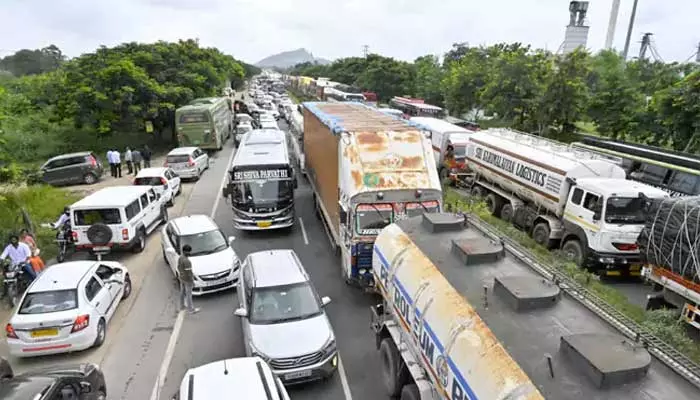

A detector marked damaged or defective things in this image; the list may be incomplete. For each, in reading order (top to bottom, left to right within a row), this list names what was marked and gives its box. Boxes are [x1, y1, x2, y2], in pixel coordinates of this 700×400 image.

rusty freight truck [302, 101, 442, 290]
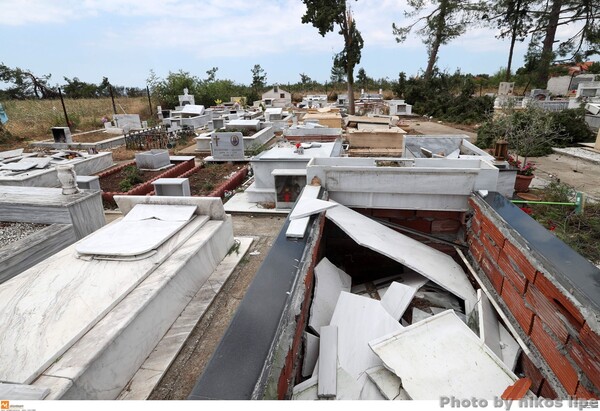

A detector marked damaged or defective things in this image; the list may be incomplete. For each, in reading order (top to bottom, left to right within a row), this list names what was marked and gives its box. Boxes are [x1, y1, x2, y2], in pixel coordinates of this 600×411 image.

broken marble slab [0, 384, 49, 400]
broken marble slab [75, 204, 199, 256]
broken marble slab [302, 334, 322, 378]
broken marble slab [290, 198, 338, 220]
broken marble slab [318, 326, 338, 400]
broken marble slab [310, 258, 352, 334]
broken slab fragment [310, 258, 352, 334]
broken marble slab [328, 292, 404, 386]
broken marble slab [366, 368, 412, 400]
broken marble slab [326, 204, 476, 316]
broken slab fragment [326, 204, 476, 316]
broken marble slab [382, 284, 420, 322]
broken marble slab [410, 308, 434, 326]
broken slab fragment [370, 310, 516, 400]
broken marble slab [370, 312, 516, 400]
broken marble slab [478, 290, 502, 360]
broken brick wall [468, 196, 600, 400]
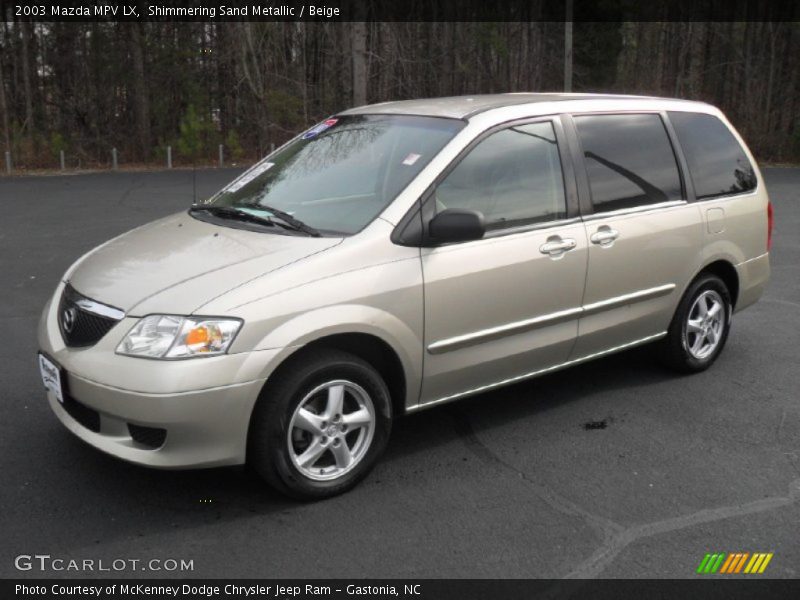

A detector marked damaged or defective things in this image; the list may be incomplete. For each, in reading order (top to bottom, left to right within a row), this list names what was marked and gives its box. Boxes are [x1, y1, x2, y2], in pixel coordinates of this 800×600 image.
·····
> _Goal of the exercise_:
Locate "this 600×411 image." in the entries above. Copy, exactly and only, the lines from that line to the end, leaving out the pictures.

> _Task result_:
A detector marked damaged or defective things in this image; the list may be incomplete. For each, in reading order (top to bottom, left to right within a row), this list names what was marked and gives its box. Boxes are [x1, y1, x2, y2], in pixel coordinates of this 600×411 image.

broken marble slab [0, 384, 49, 400]
broken marble slab [75, 204, 199, 256]
broken marble slab [302, 334, 322, 378]
broken marble slab [290, 198, 338, 220]
broken marble slab [318, 326, 338, 400]
broken marble slab [310, 258, 352, 334]
broken slab fragment [310, 258, 352, 334]
broken marble slab [328, 292, 404, 386]
broken marble slab [366, 368, 412, 400]
broken marble slab [326, 204, 476, 316]
broken slab fragment [326, 204, 476, 316]
broken marble slab [382, 284, 420, 322]
broken marble slab [410, 308, 434, 326]
broken slab fragment [370, 310, 516, 400]
broken marble slab [370, 312, 516, 400]
broken marble slab [478, 290, 502, 360]
broken brick wall [468, 196, 600, 400]

A detector marked damaged or defective things in this image; the list may be incomplete. For each, in reading order (top to bottom, left to right within a row), this list names what was marked and gives its box. Boxes are [x1, y1, x2, y2], in pixel coordinates of this 800×600 image.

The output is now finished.